WHAT YOU ARE ASKED TO DO:
Look for the line containing "Honda Fit III, 2004" and the line containing "A8 FANCY SCISSORS" in the entries below. Copy those two and all lines between them exactly, leaving out pictures.

RECORDS SHOWN:
──────────────────────────────

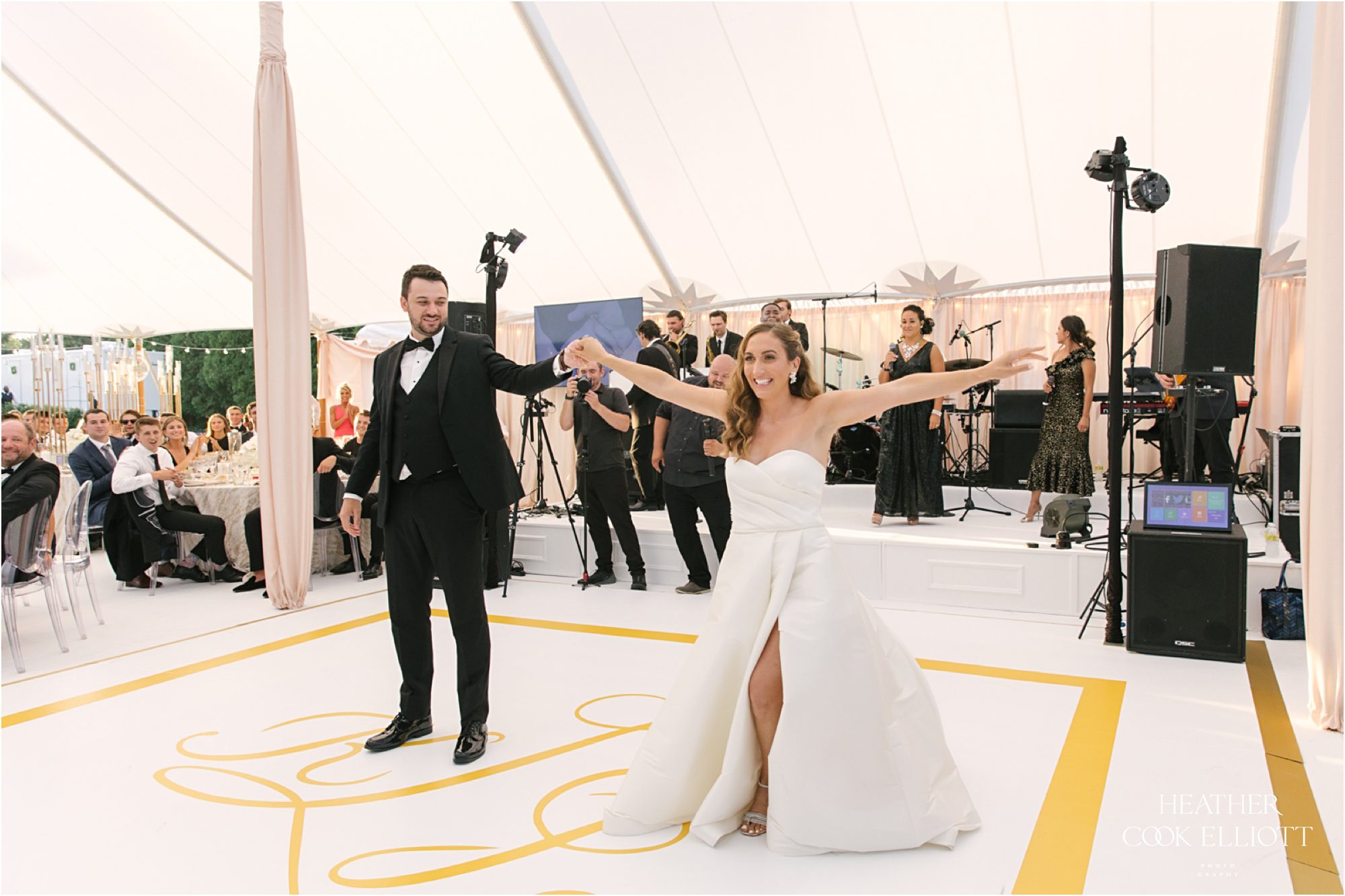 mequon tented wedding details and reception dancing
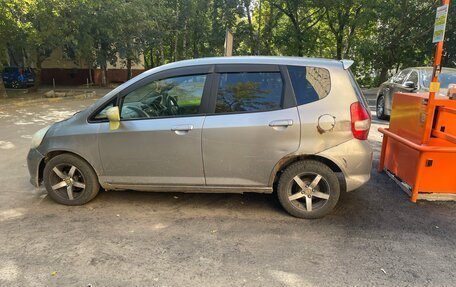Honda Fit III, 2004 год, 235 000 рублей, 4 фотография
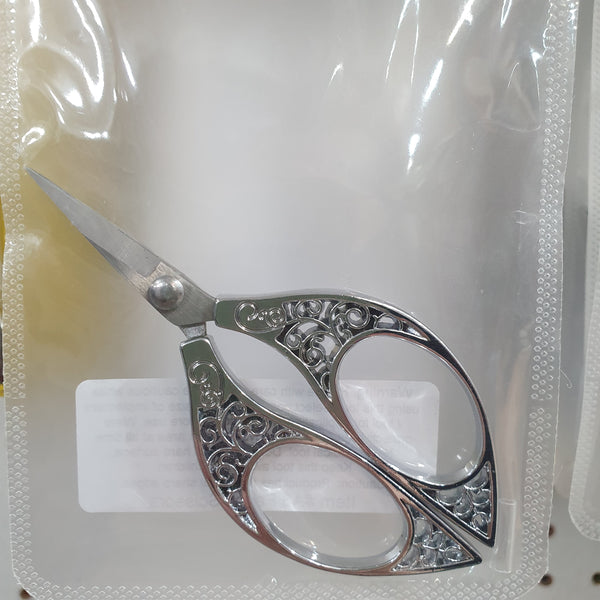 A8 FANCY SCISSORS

──────────────────────────────

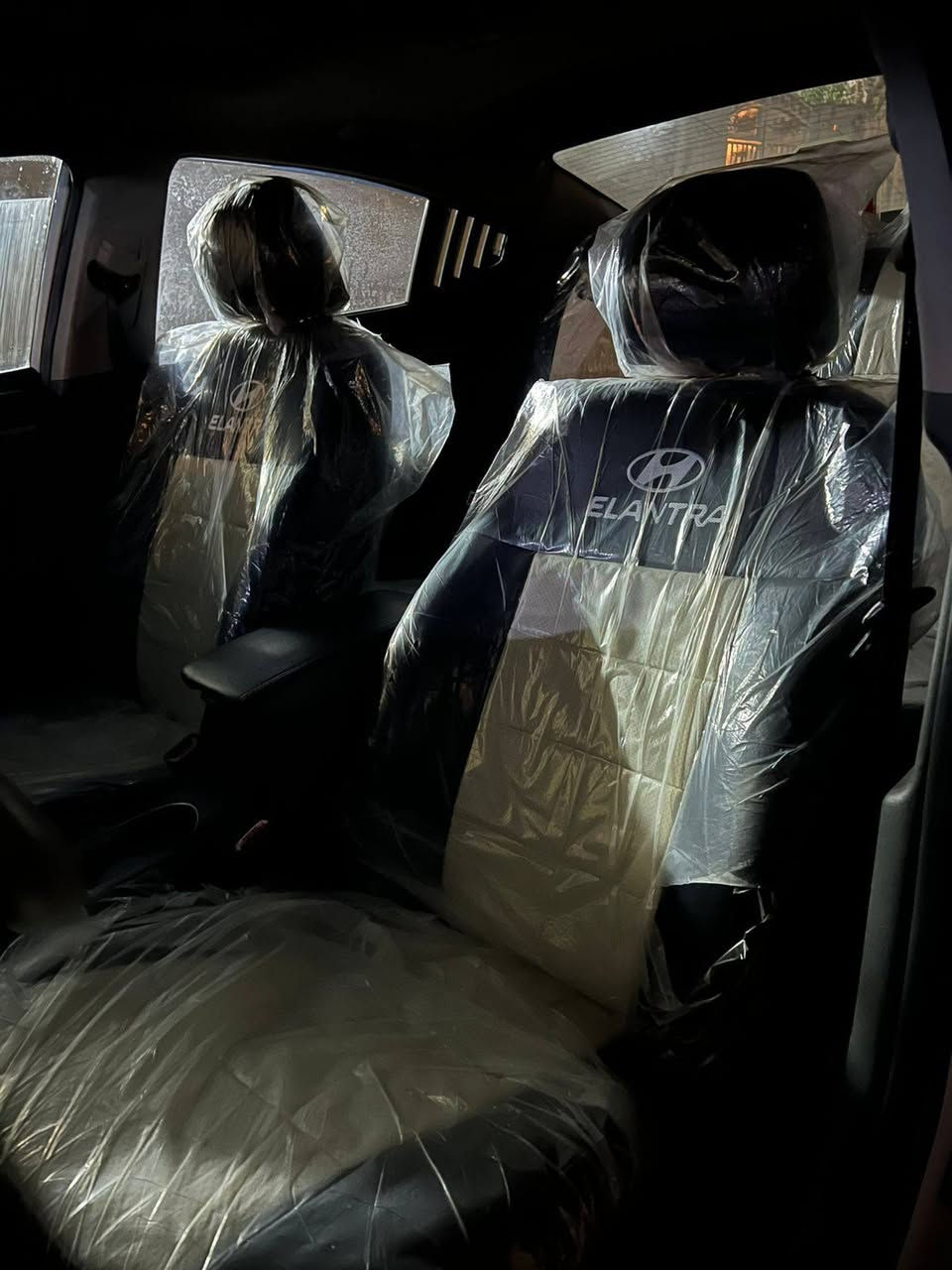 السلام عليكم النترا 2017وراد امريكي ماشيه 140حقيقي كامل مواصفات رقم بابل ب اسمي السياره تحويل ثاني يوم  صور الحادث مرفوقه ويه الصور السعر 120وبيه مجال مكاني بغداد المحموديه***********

──────────────────────────────

RESULT BELOW:
Honda Fit III, 2004 год, 235 000 рублей, 4 фотография
 A8 FANCY SCISSORS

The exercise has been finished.